- Born: 1716 Lutsk, Volhynia
- Died: 1760 or 1766 Chufut-Kale, Crimea or Lutsk, Volhynia
- Writing career
- Literary movement: Haskalah

= Simḥah Isaac Luzki =

Simḥah Isaac ben Moses Luzki (שמחה יצחק בן משה לוצקי, Симха Исаак бен-Моисей Луцкий, Sima Izaak Łucki; 1716 – 1760/66), also known as the "Karaite Rashi" and "Olam Tsa'ir," was a Karaite Kabbalist, writer, and bibliographer.

==Biography==
Simḥah Isaac Luzki was born in the Volhynian city of Lutsk. In the introduction to most of his works he mentioned that he was the son of Moses son of Simhah, son of Joseph, son of Yeshu'a (who died in Derazhne in 1649 during the Khmelnytsky Uprising), son of Simḥah, son of Yeshu'a, son of Samuel, of a noble family.

He resided in his hometown until the early 1750s, when he moved to Chufut-Kale, Crimea, where there was a flourishing Karaite community. He was received into the house of the writer Mordecai ben Berakah Yerushalmi, and succeeded Samuel Kala'i as teacher of the city's bet ha-midrash. Luzki rendered great services to Karaite literature both as copyist of early Karaite Jewish manuscripts and as writer of various studies of theology, philosophy, Halakha, and Kabbalah.
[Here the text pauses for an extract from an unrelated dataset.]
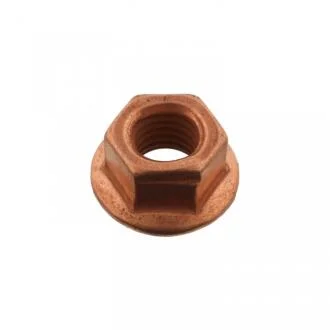 Гайка выпускного коллектора омедненная Mercedes E-Class W210 95-02,Sprinter 901-905 95-06 SWAG 20903687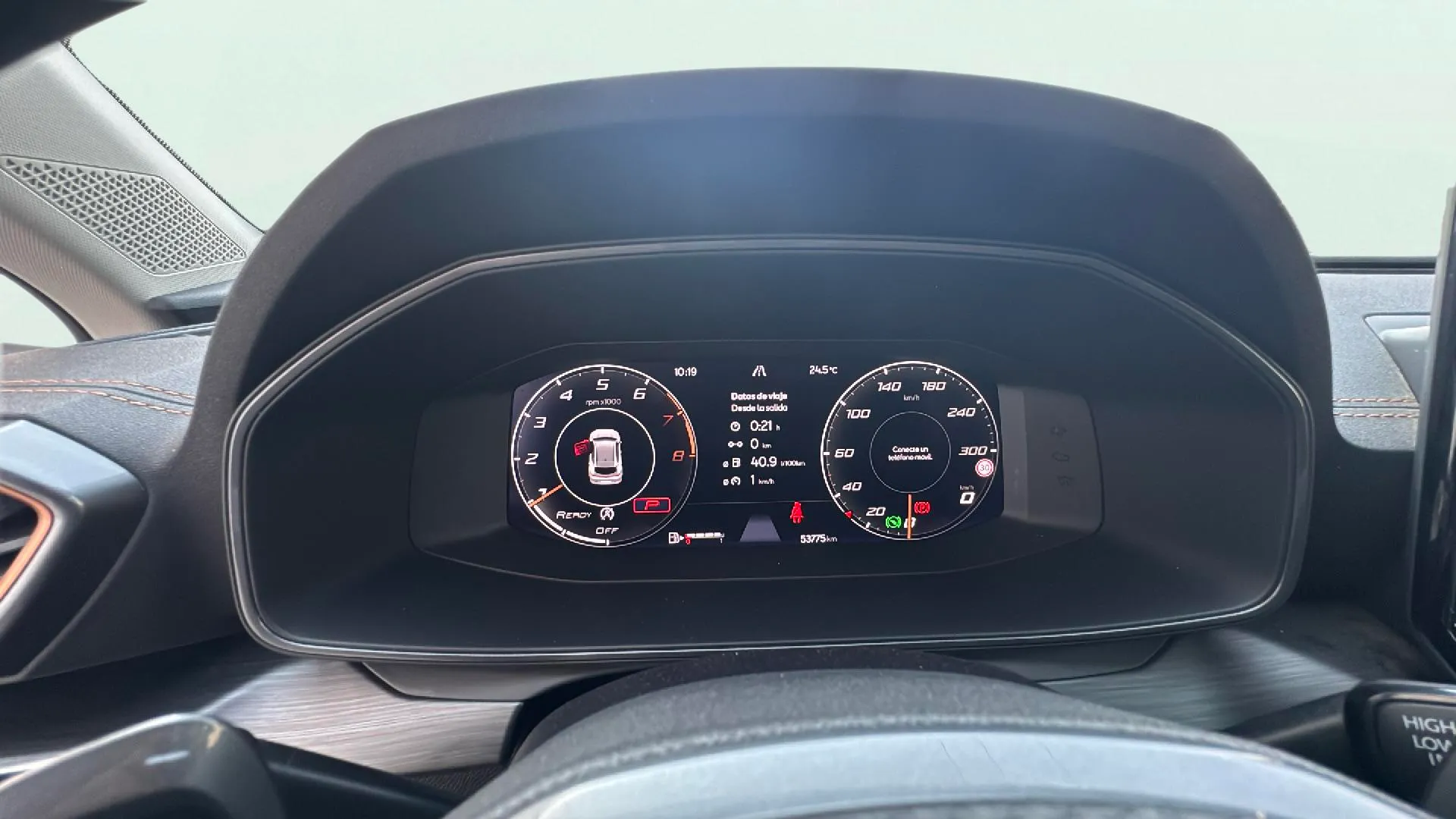 Cupra Formentor 1.5 TSI DSG - foto 10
His Light of the Righteous (1757) is a history of Karaite Judaism and its literature in which he presented a spiritual genealogy for the Sevel ha-Yerushah (the Karaite Jewish "unwritten" version of the Mishna) from Judah ben Tabbai.

==Works==

- Be'er Yitsḥak, commentary on Judah Gibbor's Minḥat Yehudah on the Pentateuch.
- Siaḥ Yitsḥak, commentary on the prayer for the Day of Atonement.
- Reshit Ḥokhmah, commentary in three volumes on the daily prayers.
- Me'irat 'Enayim ('Light of the Righteous', 1757), code in two volumes, of which the first, entitled Ner Mitsvah, comprises the Commandments and their explanations, and the second, entitled Ner Tsaddikim, enumerates the differences between the Rabbinites and the Karaites and gives a genealogy of the Karaite scholars and a list of their works.
- Sha'are Tsedek, on the Hebrew calendar.
- Akedat Yitsḥak, on the laws concerning the slaughtering of animals, and on the ten Karaite articles of belief.
- Kevod Elohim, commentary on Joseph ben Mordecai Troki's mystic prayer Ha-Elef Leka.
- Arba' Yesodot, on the four dogmatic principles, namely, the creation of the world, the existence of an invisible God, His holiness and spirituality, and His unity.
- Tefillah le-Mosheh, questions and answers exchanged between God and Moses.
- Halikhot 'Olam, description of the creation of the world and of the nature of all things according to their quantitative and qualitative attributes.
- Ene Yitsḥak, commentary on Elijah Bashyazi's calendric tables.
- Toledot Yitsḥak, religious poems, enigmas, letters, etc., in two volumes.
- Ture Zahab u-Nekuddot ha-Kesef, on the precepts, in two volumes, of which the first, Ture Zahab, enumerates in verse all the precepts, arranged in the order of the 620 letters of the Decalogue; the second, Nekuddot Kesef, being a commentary thereon.
- Sefer Bereshit, a mystic explanation of the Creation.
- Rekeb Elohim, on the mysteries of the Divine Chariot.
- Kevod Melakhim, a mystic explanation of the letters of the Hebrew alphabet.
- Sefer ha-Tappuaḥ, on the Creation and on the Divine Chariot, according to the modern Kabbalah.
- Livnat ha-Sappir, on the ten Sefirot.